Un nouveau tournant du récit apparaît aux versets 15-18. Ici nous avons la rencontre attendue entre le prophète et le roi, à laquelle nous ont préparés les deux scènes précédentes (v. 5-9, 10-14). Et ici le lecteur est surpris : le prophète répète presque mot pour mot les paroles des prophètes rapportées au verset 6. Sa réponse peut être traduite littéralement ainsi : « Monte et triomphe ! Et l’Eternel livrera entre les mains du roi. » C’est une attitude gênante pour le lecteur, car Michée semble capituler, suivre la suggestion du messager et se comporter comme un des prophètes de cour. C’est tellement surprenant de la part de Michée que même Achab n’est pas satisfait et insiste pour obtenir la vérité.

C’est ici un point intéressant à relever. Pourquoi Achab n’a-t-il pas exigé cela des autres prophètes ? Une explication possible est que le roi était méfiant, compte tenu de ses expériences précédentes avec Michée. Il est également possible qu’il ait détecté un certain sarcasme dans la voix du prophète. Une autre possibilité est qu’il voulait entraîner Michée dans un piège.
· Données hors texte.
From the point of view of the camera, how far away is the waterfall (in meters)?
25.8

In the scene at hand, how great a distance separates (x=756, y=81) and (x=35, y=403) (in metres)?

Walsh discute longuement de l’étrangeté de cet échange. Bien que je ne suive pas son analyse, il saisit bien la double tension momentanée posée par le verset 16, où, d’une part, le prophète qui vient de déclarer sa fidélité absolue aux paroles de Yahvé semble prophétiser faussement et, d’autre part, le roi qui s’est montré plus intéressé par l’approbation de son projet que par la vérité exige tout à coup une parole de vérité plutôt que d’approbation16.

Moberly soutient qu’il s’agit d’un jeu où Michée utilise le sarcasme pour provoquer une réaction chez le roi. Cet échange implique un renversement temporaire des rôles : celui qui jusqu’ici n’a rien voulu d’autre que la confirmation de sa propre volonté revendique maintenant la hauteur morale et affirme qu’il ne veut rien de moins que la vérité de Dieu, alors que Michée apparaît comme celui qui s’est écarté de la vérité. Ainsi, Michée crée une situation où Achab lui-même confesse l’importance d’entendre les paroles réelles du Seigneur, ce qui jette un premier doute sur le message de ses propres prophètes17.

Au verset 17, à la demande du roi, Michée donne une réponse différente. Mais au lieu de livrer un oracle direct de malheur, il décrit une vision. Il est intéressant de noter qu’il n’utilise aucune formule d’introduction. Le langage est cependant tellement significatif qu’il serait très difficile au roi de ne pas voir ce que veut dire cette vision d’Israël « dispersé dans les montagnes comme un troupeau sans berger ». La région montagneuse de Ramoth-Galaad n’est plus le lieu d’une victoire militaire, mais de la dispersion de l’armée d’Israël. De plus, l’image implique non seulement la défaite, mais surtout la mort d’Achab, puisque le berger était souvent une image du roi. Les paroles que le roi Achab adresse aussitôt à Josaphat au verset 18 indiquent que c’est bien ainsi qu’il a compris l’image.

Cette image du troupeau dispersé est complétée par un commentaire de Yahvé. Il dit à propos de son peuple que « ceux-ci n’ont pas de Seigneur » (v. 17). C’est ici un acte d’accusation à plusieurs niveaux. Il fait d’abord et surtout allusion à la mort d’Achab. Mais cela renvoie aussi au discours purement convenu des prophètes. Les brebis d’Israël n’ont aucun chef, qu’il soit temporel ou spirituel. C’est la conséquence des actes irresponsables du roi. Pourtant, Yahvé fait preuve de miséricorde envers le peuple en disant « que chacun retourne en paix dans sa maison ». L’expression beshalom (« en paix ») est très importante dans le contexte de ce récit. Cela ne signifie pas simplement « être dans un état paisible », mais « sain et sauf » après une bataille.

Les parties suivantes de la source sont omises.